# new guy, new theatre



## 67kato (Jan 30, 2008)

Hi all,

I am new to the scene and I am in the process of building a dedicated theatre room. I could use some help with certain construction ideas. I have a moderate sized space in a basement (13'-6" x 21' w/ 9'+ ceilings). We plan on a projector set up with 100" screen (hopefully). The rough framing is almost finished and I am looking into the electrical end of things. From what I have read here, it seems that we will be trying out a 7.1 sound system. Having said that, I will be running the flexible conduit from the power center to the speaker locations. Here is where the questions start:

1. Do the conduits terminate into a single gang box at the speaker locations?

2. I assume that half the speakers will be free standing (yes or no?) so where should I mount the terminations?

3. Is there any reason to run 5e wire to the speaker locations?

4. Should I be looking into anything else? 

Thanks for the help. I will try to post some progress pics soon.

Kato


----------



## bpape (Sep 14, 2006)

Welcome to the forum.

That's a very nice space you have. Higher ceilings are great. To be brief with your questions:

1. That's can be done. If so, it's usually a low voltage box. 

2. Actually, for a pure HT, none of them are floorstanders except the sub. You'll be cutting them off at 80Hz so save your money or get better monitor types and a better sub. Also, surrounds go 6-6.5' off the floor.

3. No.

4. Tons of things. Where do you want to start? Set your seats first where they'll sound good. Set everything else around that (speaker location, screen size which drives PJ location, quality, brightness, etc.) Also, watch your HVAC very closely. That's the place that is usually the biggest isolation issue in any room.

Welcome to the madness.

Bryan


----------



## 67kato (Jan 30, 2008)

I appreciate the advice. Its a lot easier to do it right the first time. I have attached a quick and dirty floor plan. I'll take some more pics tonight. I gotta run.

thanks,

Kato


----------



## MatrixDweller (Jul 24, 2007)

67kato said:


> 1. Do the conduits terminate into a single gang box at the speaker locations?
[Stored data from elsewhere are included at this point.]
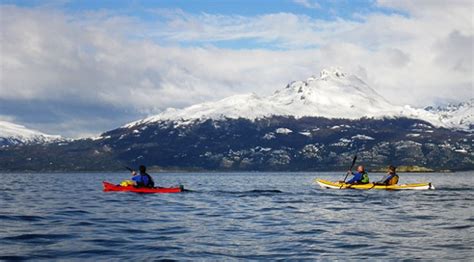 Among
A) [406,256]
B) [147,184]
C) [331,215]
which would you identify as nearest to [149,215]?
[331,215]

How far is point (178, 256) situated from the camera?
25.9 metres

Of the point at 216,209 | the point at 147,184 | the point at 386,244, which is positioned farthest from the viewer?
the point at 147,184

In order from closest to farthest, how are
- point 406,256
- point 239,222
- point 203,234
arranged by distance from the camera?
point 406,256 → point 203,234 → point 239,222

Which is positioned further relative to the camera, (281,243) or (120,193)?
(120,193)

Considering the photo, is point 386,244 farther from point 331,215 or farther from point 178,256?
point 331,215

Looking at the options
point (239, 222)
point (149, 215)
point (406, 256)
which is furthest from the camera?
point (149, 215)

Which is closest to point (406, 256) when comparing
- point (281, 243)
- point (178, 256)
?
point (281, 243)

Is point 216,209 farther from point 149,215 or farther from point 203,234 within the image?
point 203,234

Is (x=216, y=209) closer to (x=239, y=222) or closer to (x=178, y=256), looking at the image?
(x=239, y=222)

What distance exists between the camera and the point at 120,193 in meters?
72.3

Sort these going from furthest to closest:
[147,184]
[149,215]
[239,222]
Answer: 1. [147,184]
2. [149,215]
3. [239,222]

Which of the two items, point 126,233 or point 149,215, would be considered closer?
point 126,233

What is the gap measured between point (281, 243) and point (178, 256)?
6.05 m

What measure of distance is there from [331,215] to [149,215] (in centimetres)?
1383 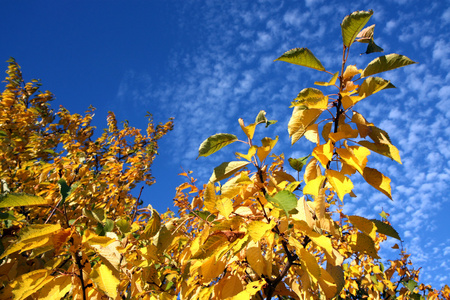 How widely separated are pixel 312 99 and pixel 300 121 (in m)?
→ 0.10

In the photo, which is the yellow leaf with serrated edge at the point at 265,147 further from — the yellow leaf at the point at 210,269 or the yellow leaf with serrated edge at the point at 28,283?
the yellow leaf with serrated edge at the point at 28,283

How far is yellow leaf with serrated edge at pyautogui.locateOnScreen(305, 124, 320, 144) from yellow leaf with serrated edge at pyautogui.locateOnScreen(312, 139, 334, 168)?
49mm

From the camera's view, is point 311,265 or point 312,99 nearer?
point 311,265

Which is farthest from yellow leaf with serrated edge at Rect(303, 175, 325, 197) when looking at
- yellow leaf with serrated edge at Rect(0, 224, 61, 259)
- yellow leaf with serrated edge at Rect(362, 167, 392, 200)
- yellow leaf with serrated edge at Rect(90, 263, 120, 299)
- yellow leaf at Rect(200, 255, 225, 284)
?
yellow leaf with serrated edge at Rect(0, 224, 61, 259)

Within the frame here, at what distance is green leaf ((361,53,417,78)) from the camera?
1.01 meters

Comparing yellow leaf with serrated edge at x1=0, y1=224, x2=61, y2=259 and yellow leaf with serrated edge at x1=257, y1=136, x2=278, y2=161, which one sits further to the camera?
yellow leaf with serrated edge at x1=257, y1=136, x2=278, y2=161

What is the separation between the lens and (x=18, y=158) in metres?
4.01

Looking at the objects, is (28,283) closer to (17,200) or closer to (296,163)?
(17,200)

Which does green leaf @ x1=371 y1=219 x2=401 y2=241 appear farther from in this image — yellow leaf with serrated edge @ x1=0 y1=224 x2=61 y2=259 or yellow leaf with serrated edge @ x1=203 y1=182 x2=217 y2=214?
yellow leaf with serrated edge @ x1=0 y1=224 x2=61 y2=259

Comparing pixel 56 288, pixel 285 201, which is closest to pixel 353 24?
pixel 285 201

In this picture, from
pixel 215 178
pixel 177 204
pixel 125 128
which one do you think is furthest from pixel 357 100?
pixel 125 128

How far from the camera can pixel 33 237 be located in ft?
3.40

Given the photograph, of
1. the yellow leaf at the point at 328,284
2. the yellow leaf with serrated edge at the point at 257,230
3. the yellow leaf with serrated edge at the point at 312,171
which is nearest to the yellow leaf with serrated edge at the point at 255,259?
the yellow leaf with serrated edge at the point at 257,230

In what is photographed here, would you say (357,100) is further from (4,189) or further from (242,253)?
(4,189) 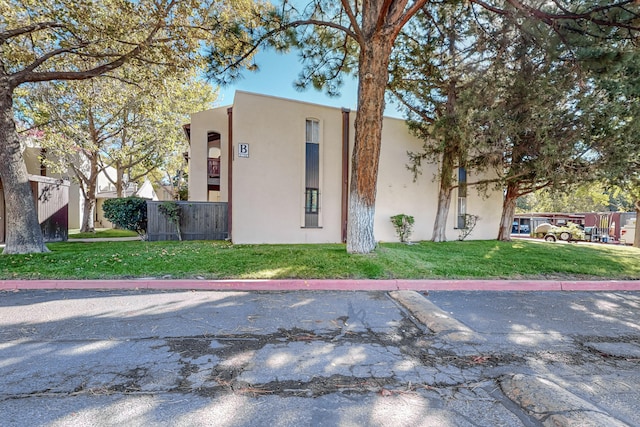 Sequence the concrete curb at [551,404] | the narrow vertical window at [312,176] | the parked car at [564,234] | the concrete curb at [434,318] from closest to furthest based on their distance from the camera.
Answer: the concrete curb at [551,404], the concrete curb at [434,318], the narrow vertical window at [312,176], the parked car at [564,234]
You can use a low voltage receptacle at the termination point. The orange ones I used have a hole in the top and bottom that conduit could be fed into but there's no locking mechanism. If you tie down the conduit to the stud it shouldn't move much laterally. It can however move up and down a bit when you snake your wires through it. You can also get double gang and triple gang boxes if you need them for bigger wall plates.


67kato said:


> 2. I assume that half the speakers will be free standing (yes or no?) so where should I mount the terminations?


Probably at no lower that normal receptacle height (1ft or so) for floor mounted speakers. It's only for aesthetics so what ever you think looks nice is acceptable.


67kato said:


> 3. Is there any reason to run 5e wire to the speaker locations?


Not unless you plan on having a network device there. A single run of cat5e isn't the best for speaker wire, although I've seen some people use it as such. If your conduit is sized right you can fish new wire as needed down the road.


67kato said:


> 4. Should I be looking into anything else?


- Connections for subwoofer(s), butt kickers, step lighting, IR repeaters if your closet is not at the front, etc.
- Use the largest diameter conduit you can so that running cables in the future is easy.
- Watch bends in conduit and use the glue sparingly (but enough to work). Rough edges or excess glue on the inside of the conduit can snag cables and make fishing difficult.


----------



## 67kato (Jan 30, 2008)

Thanks for the input Matrix Dweller. 

Since my last reply I went off on the electrical. We drilled lots of holes and ran a lot of wire but we are still not done. I found the low voltage outlets and connections to the flexible conduit at our local Home Cheapo. The terminations snap into the conduit and then lock into the outlets. They go together real easy. I also picked up and installed a bunch of 4" recessed lights. We wired for rope lights in the soffits. I started looking into the projector placement as well. We have the room to run 1 1/2" conduit to it with only two bends but I am having a difficult time figuring out where it will go in the ceiling without actually having the unit yet!!!! Any ideas????

I am still looking into the surround speaker placement. As per Brian's suggestion and other posts I've read, the surrounds will be about 6~6.5' off of the ground, so we will mount the terminations up that high.

The bass shakers are definitely in the plan. I will run power and flexible conduit to the risers. Is there anything else that is needed?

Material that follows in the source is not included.